*** Block opens ***
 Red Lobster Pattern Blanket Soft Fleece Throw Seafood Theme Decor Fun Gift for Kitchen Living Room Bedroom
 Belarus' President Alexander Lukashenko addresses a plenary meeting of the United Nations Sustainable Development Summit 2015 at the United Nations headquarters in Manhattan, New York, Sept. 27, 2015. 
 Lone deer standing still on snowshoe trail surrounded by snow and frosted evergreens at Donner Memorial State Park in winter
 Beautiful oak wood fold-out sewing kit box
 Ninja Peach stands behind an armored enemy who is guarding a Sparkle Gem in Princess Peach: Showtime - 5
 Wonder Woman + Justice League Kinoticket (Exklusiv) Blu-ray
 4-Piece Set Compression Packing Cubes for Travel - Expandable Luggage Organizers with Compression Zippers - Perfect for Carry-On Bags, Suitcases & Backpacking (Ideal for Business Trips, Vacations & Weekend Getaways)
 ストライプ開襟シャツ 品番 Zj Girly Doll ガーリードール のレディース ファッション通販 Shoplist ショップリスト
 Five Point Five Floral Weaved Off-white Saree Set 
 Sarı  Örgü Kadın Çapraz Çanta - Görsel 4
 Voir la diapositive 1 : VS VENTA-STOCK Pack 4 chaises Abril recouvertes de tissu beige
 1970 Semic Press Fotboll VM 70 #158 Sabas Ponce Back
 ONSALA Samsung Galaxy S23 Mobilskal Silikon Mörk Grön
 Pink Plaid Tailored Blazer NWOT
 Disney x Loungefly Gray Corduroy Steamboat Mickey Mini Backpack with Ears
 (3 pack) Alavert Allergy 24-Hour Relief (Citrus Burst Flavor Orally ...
*** Block closes ***
Transcribe only, please, the lines from the first line of the records through the line with "Beautiful oak wood fold-out sewing kit box". Both of those lines are included.

 Red Lobster Pattern Blanket Soft Fleece Throw Seafood Theme Decor Fun Gift for Kitchen Living Room Bedroom
 Belarus' President Alexander Lukashenko addresses a plenary meeting of the United Nations Sustainable Development Summit 2015 at the United Nations headquarters in Manhattan, New York, Sept. 27, 2015. 
 Lone deer standing still on snowshoe trail surrounded by snow and frosted evergreens at Donner Memorial State Park in winter
 Beautiful oak wood fold-out sewing kit box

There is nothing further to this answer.